» Task goal: From the first line to the last, repeat the data exactly but leave out the pictures.

» Material to process:
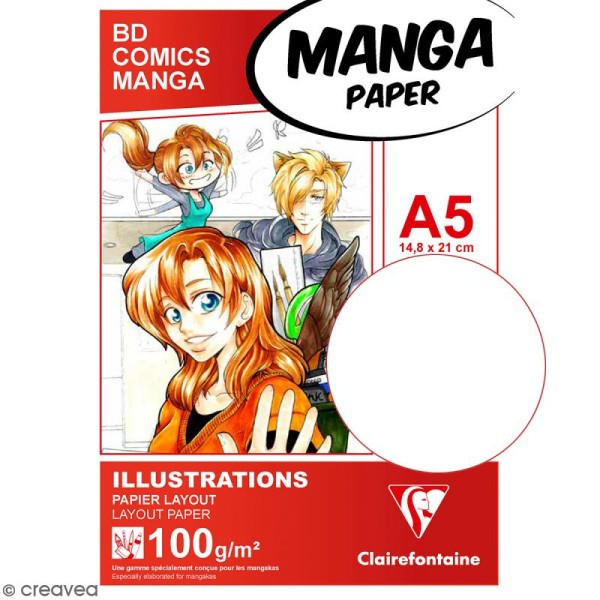 Bloc papier layout Manga Paper Illustrations -  A5 - 50 feuillles - Photo n°2
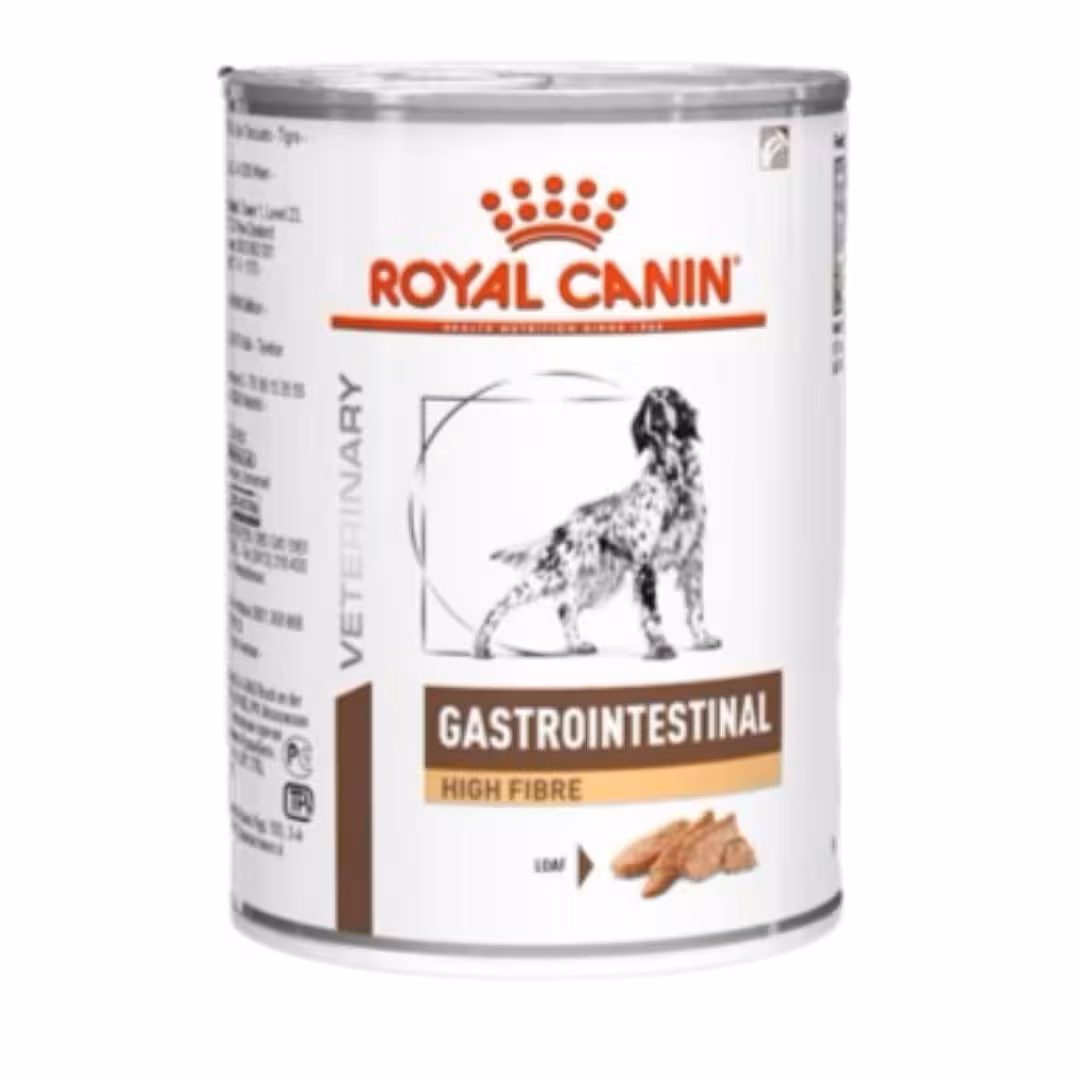 کنسرو سگ بالغ مدل Gastrointestinal High Fibre رویال کنین 410 گرم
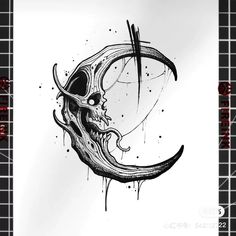 a black and white drawing of a crescent with a skull on it's side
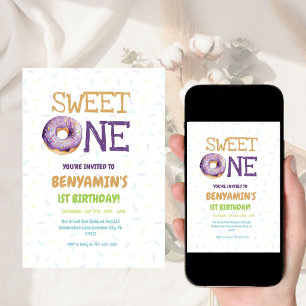 Cute kids Sweet One Donut 1st First Birthday  Invitation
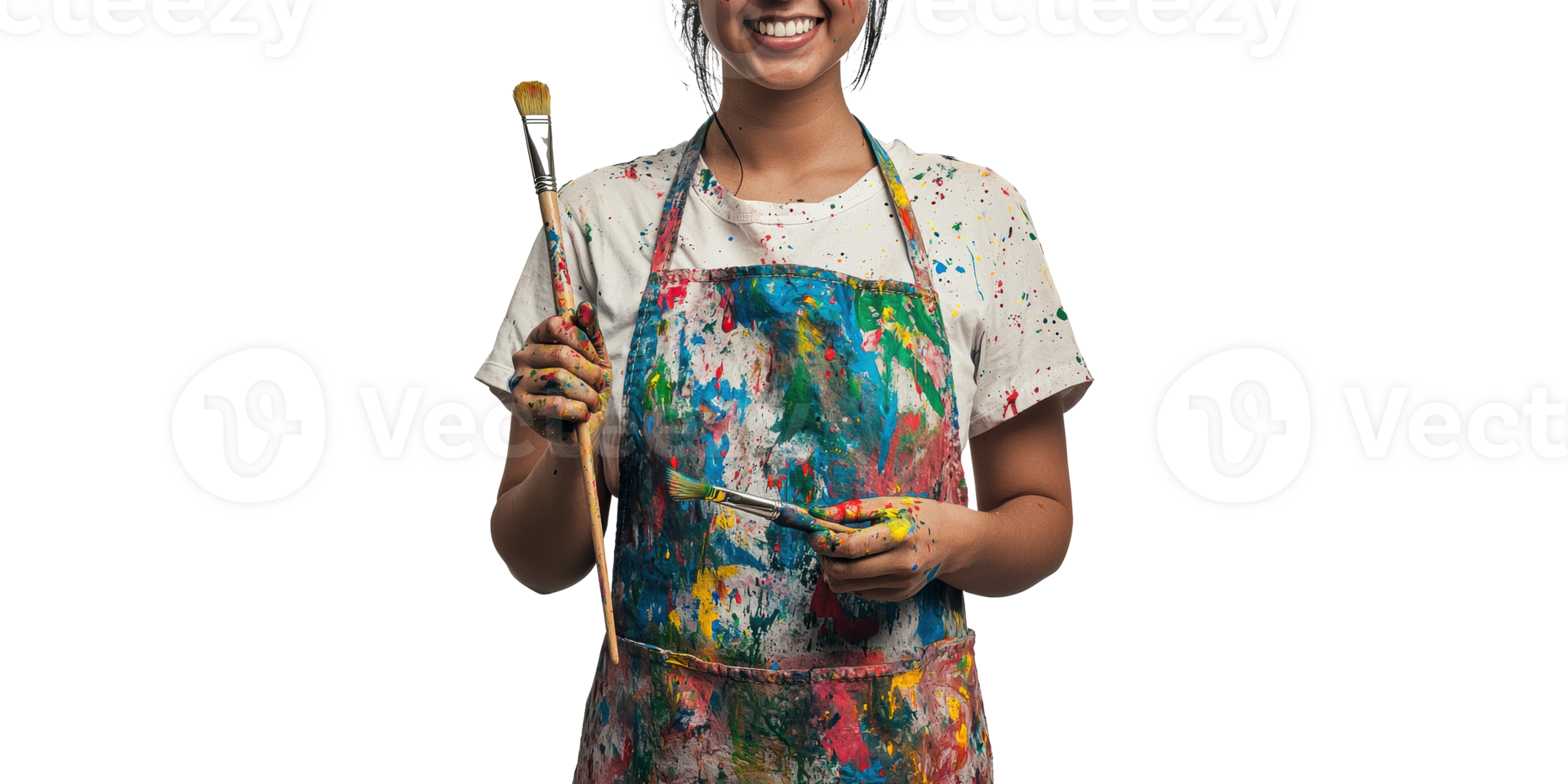 Smiling Artist With Paintbrushes And Colorful Apron. Creative Expression And Joy In Art Isolated On Transparent Background png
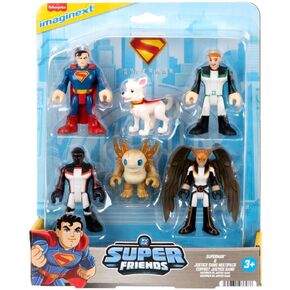 Fisher-Price Imaginext Superman Action Figure Multipack ، 6 أحرف ، مجموعة قابلة للتحصيل 3 بوصات مع Krypto & Kaiju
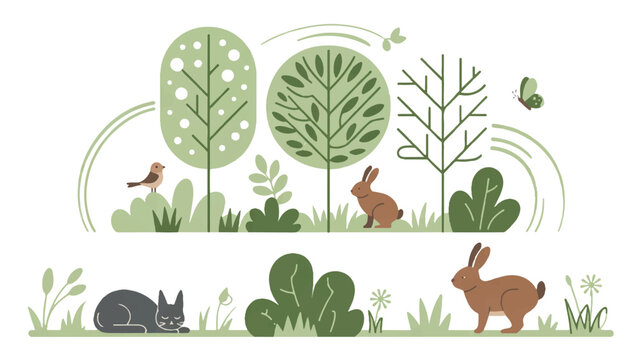 A minimalist nature illustration in a soft green color palette featuring three connected scenes (2)_traced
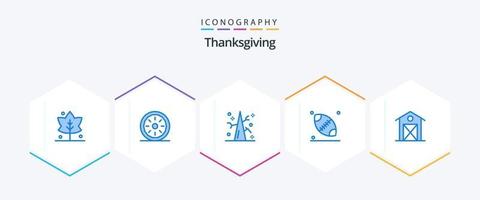 obrigado dando 25 pacotes de ícones azuis, incluindo fazenda. outono. outono. Ação de graças. rúgbi vetor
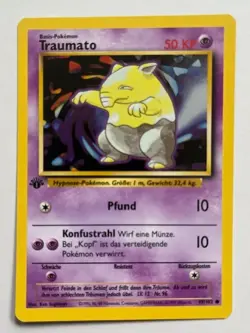 1st Edition Traumato Drowzee 49/102 German Base Set WOTC Pokemon Card NM - Image 1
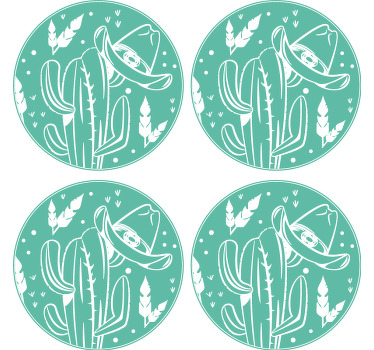 Kaktüs ve şapka batı desen içki bardak altlığı - TenStickers
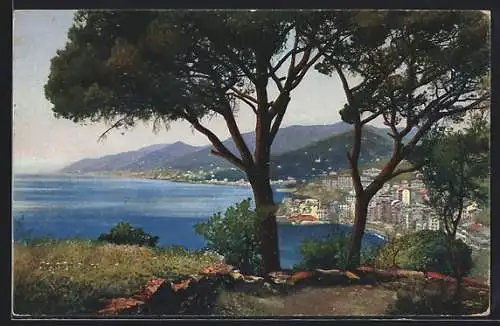 AK Camogli /Riviera di Levante, Blick über Ort und Meer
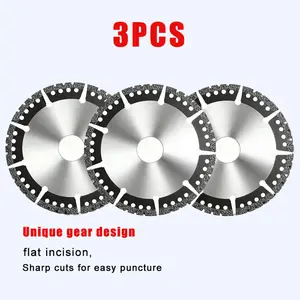 3PCS Diamond Tile Cutting Blades - Ultra-Thin Dry Cutting Discs for Ceramics, Marble, Granite - Angle Grinder Blades & Durable for Masonry/Construction Power Tools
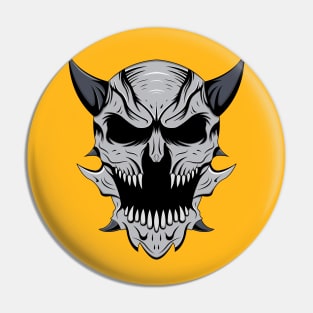 Angry Horned Skull Demon Pin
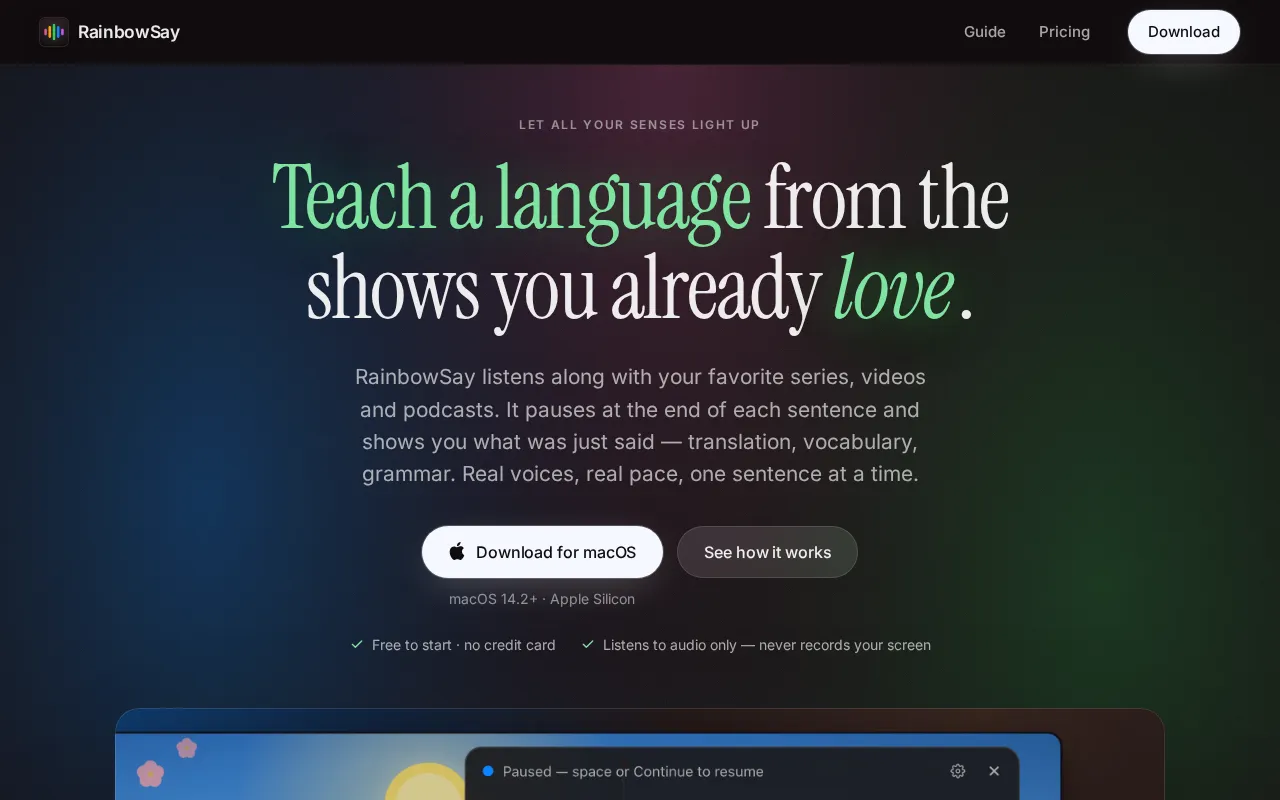RainbowSay: Learn Languages Live with Shows You Love
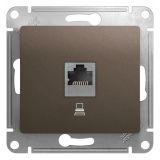 GLOSSA Розетка компьютерная RJ45 категория 5E шоколад в рамку GSL000881K Systeme Electric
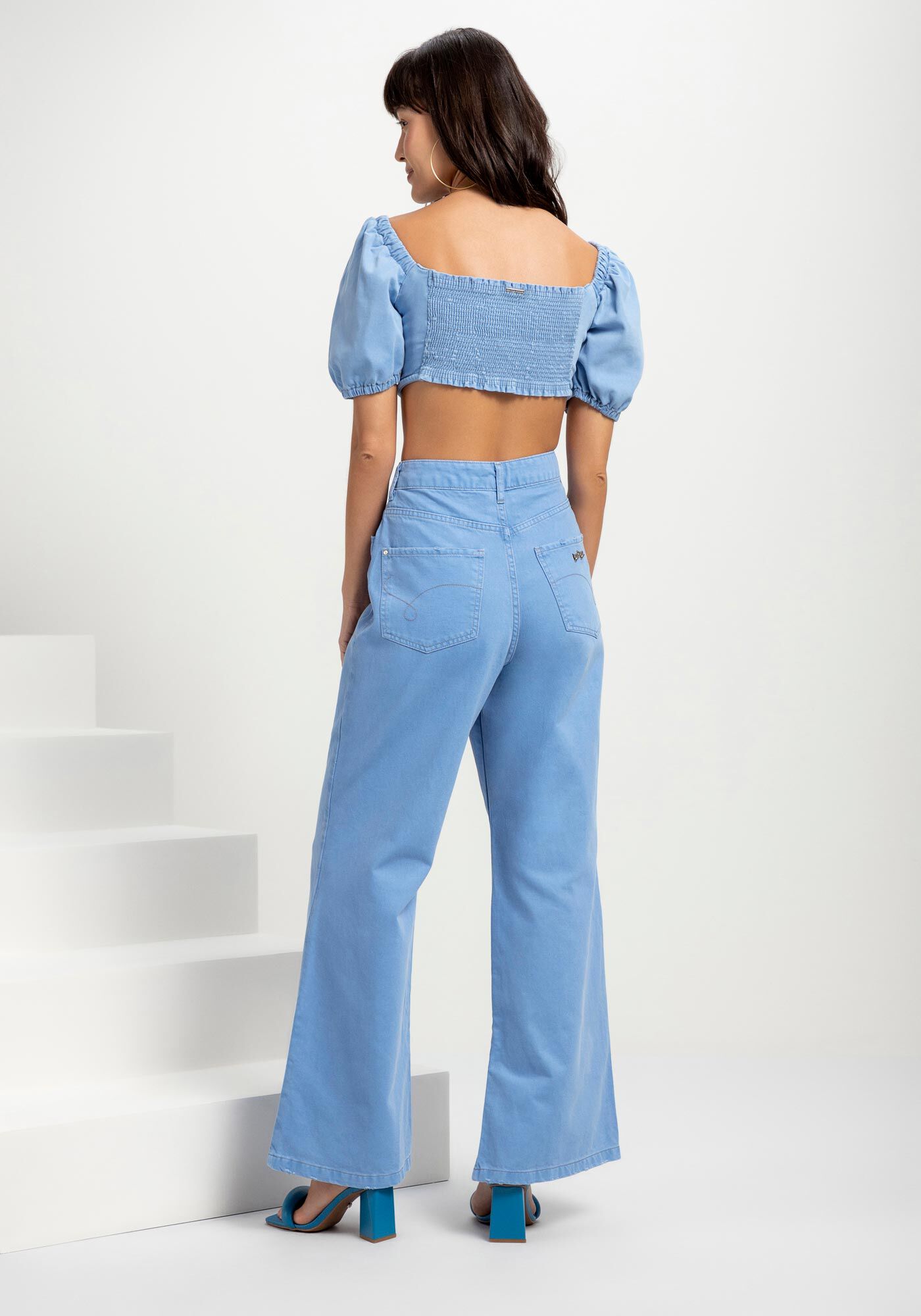 Blusa Sarja Cropped com Manga Bufante, , large.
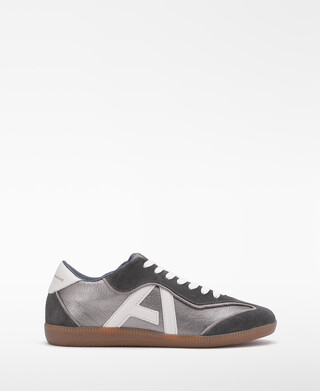 Maxi logo metallic leather sneaker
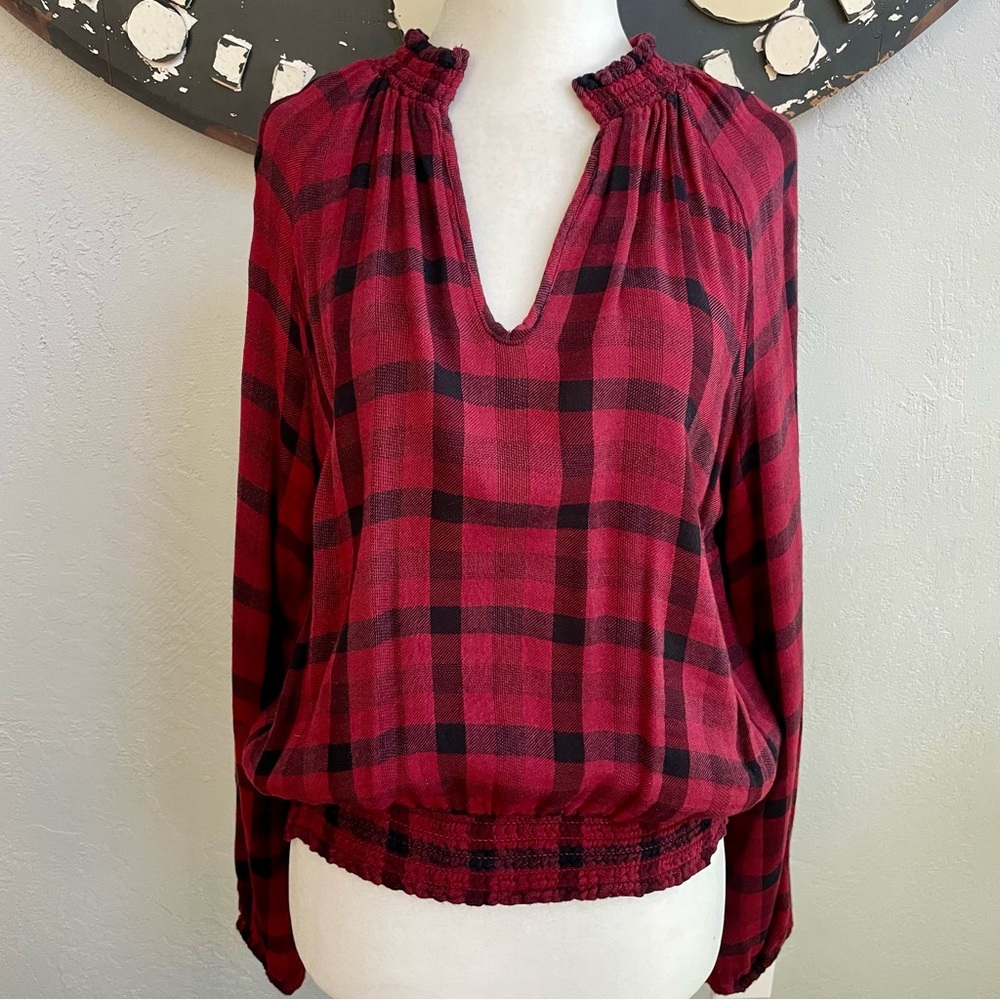 Anthropologie Cloth & Stone Plaid Red Black Top - Picture 2 of 8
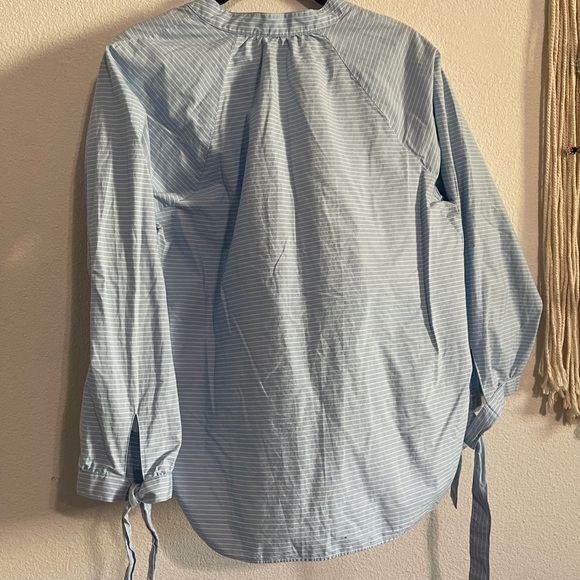 Madewell Powder Blue Striped Cotton Bow Sleeve Top - Picture 4 of 6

» Output for this task:
 Bloc papier layout Manga Paper Illustrations -  A5 - 50 feuillles - Photo n°2
 کنسرو سگ بالغ مدل Gastrointestinal High Fibre رویال کنین 410 گرم
 a black and white drawing of a crescent with a skull on it's side
 Cute kids Sweet One Donut 1st First Birthday  Invitation
 Smiling Artist With Paintbrushes And Colorful Apron. Creative Expression And Joy In Art Isolated On Transparent Background png
 Fisher-Price Imaginext Superman Action Figure Multipack ، 6 أحرف ، مجموعة قابلة للتحصيل 3 بوصات مع Krypto & Kaiju
 A minimalist nature illustration in a soft green color palette featuring three connected scenes (2)_traced
 obrigado dando 25 pacotes de ícones azuis, incluindo fazenda. outono. outono. Ação de graças. rúgbi vetor
 1st Edition Traumato Drowzee 49/102 German Base Set WOTC Pokemon Card NM - Image 1
 Kaktüs ve şapka batı desen içki bardak altlığı - TenStickers
 AK Camogli /Riviera di Levante, Blick über Ort und Meer
 3PCS Diamond Tile Cutting Blades - Ultra-Thin Dry Cutting Discs for Ceramics, Marble, Granite - Angle Grinder Blades & Durable for Masonry/Construction Power Tools
 Angry Horned Skull Demon Pin
RainbowSay: Learn Languages Live with Shows You Love
 GLOSSA Розетка компьютерная RJ45 категория 5E шоколад в рамку GSL000881K Systeme Electric
 Blusa Sarja Cropped com Manga Bufante, , large.
 Maxi logo metallic leather sneaker
 Anthropologie Cloth & Stone Plaid Red Black Top - Picture 2 of 8
 Madewell Powder Blue Striped Cotton Bow Sleeve Top - Picture 4 of 6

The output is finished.